Here, some toppings were added to the hamburger, the first truly significant iterations on class design were made – classes had many of their most glaring flaws and shortcomings addressed, and a lot of new mechanics and ideas were added to various classes and specs to further differentiate them from each other while simultaneously giving numerous specializations that were nothing more than afterthoughts in Vanilla an actual place in the game. While the game as a whole has improved dramatically since this era, class design and the flow of combat was at its peak in the Black Temple era. Each spec played differently, each spec worked differently, each spec brought unique things to the table, and while improvements could certainly be made and features could be added to make it more casual-friendly, the in-combat gameplay experience was delicious.
Over eight and a half years after the original release, class design has … evolved … into a hideous monstrosity. Reading nothing but the passive abilities in your spell book is like reading a novel. Add in the active ones, and the sheer volume of “stuff” will overwhelm nearly any newer or returning player, regardless of gaming background. It’s like asking the entire playerbase what they want on their hamburger and giving in to all of it. Feral Druids needed an off-the-GCD interrupt. Elemental needed damage on the move. Retribution needed a snare. Priests needed dispel protection because Warlocks had it. Restoration Shamans needed magic removal. Holy Paladins needed area heals. Hunters needed an immunity effect.
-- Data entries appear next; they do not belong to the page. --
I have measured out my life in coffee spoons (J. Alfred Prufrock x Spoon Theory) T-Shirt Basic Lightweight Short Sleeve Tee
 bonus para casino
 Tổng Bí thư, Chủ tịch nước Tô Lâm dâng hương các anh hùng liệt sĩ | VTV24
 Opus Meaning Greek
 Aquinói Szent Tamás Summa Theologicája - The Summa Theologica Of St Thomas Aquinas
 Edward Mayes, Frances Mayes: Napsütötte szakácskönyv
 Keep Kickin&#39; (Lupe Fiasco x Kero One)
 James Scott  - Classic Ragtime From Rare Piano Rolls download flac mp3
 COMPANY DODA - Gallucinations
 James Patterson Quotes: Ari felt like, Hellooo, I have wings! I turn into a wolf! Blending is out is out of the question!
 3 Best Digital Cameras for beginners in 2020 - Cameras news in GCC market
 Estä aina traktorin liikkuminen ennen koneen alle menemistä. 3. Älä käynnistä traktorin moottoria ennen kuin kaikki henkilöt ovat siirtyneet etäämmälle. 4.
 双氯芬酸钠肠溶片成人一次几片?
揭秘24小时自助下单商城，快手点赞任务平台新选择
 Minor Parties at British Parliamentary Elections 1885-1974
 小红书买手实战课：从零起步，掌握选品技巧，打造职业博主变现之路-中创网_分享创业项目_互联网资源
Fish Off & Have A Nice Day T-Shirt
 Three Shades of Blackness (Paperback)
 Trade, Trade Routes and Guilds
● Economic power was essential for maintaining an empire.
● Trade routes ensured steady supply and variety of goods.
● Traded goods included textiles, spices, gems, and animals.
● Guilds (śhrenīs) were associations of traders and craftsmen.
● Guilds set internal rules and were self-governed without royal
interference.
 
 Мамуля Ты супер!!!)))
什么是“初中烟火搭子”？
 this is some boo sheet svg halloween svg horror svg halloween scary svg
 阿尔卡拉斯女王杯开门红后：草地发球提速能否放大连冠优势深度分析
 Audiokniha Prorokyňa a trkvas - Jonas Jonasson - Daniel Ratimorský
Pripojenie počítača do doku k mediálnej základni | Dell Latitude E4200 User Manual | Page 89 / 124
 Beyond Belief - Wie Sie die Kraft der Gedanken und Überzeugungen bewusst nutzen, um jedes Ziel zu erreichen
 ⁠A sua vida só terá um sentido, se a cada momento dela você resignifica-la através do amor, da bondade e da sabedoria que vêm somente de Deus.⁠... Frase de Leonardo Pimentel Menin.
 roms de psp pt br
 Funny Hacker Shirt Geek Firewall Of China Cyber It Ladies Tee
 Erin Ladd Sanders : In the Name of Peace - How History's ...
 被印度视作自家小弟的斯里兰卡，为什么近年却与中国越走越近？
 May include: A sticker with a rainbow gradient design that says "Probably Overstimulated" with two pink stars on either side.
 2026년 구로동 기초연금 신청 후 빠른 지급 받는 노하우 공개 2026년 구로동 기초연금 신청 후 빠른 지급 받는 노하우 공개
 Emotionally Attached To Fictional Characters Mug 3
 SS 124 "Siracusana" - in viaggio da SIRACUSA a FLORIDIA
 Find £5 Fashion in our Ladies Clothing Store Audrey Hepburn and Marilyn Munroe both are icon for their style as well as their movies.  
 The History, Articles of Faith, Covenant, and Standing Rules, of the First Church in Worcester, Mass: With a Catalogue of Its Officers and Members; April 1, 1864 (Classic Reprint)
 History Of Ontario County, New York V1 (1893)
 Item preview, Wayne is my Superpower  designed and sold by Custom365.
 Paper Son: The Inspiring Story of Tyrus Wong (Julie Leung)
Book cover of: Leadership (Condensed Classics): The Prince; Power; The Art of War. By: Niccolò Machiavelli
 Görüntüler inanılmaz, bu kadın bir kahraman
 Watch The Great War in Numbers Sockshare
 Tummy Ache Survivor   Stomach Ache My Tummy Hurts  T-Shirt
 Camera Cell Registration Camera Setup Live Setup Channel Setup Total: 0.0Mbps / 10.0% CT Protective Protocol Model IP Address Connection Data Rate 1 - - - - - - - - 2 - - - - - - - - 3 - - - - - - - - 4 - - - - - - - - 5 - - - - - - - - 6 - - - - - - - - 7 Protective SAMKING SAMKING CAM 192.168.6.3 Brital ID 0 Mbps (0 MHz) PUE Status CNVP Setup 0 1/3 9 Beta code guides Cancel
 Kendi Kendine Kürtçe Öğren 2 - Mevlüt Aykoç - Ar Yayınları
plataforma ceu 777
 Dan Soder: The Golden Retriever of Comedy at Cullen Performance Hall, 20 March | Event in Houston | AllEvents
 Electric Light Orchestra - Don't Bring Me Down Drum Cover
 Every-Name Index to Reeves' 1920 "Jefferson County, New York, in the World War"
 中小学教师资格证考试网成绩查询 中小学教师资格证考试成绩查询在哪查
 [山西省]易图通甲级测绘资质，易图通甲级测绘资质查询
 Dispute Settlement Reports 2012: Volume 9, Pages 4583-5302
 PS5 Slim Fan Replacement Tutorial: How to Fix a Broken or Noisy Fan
After three expansions of players asking for – and receiving – many of the things that used to make specs unique, we now have 34 specializations that can all do a bit of everything, and have twice as many buttons as necessary and 10 times as many passive novels to read than they need, and just simply too many convenient, high-efficiency control, utility, healing and damage abilities flying around in combat in all areas. Where a player – once upon a time – would rely on their allies to provide the things they needed to be effective in PvP (Ferals and Rets would need someone else to snare their target as an example), that same player now relies on their allies to help them escape from the overwhelming volume of control effects flying in their direction. If a Feral in Burning Crusade didn’t have an ally to snare their target, at least that Feral could keep control of his character and defend himself. Even if he was helpless, he didn’t feel it nearly to the same degree. He may have been just as helpless back then without those allies to support him, but now his helplessness is shoved down his throat because he can’t do that while stunned… silenced… frozen… feared…
I can only speak for myself, but a hamburger like this is difficult to digest.
What has gone right recently?
Significant efforts have been made recently to make PvP more accessible – resilience was removed, which removed a barrier to entry for new players, and a conquest catch-up mechanism was added, allowing people to begin to do competitive PvP in the middle of a season and have some hope of catching up to the gear level of those who have played the entire season. Conquest item level upgrades were also not re-implemented when Valor upgrades were, which reduces the gear disparity between new and veteran players.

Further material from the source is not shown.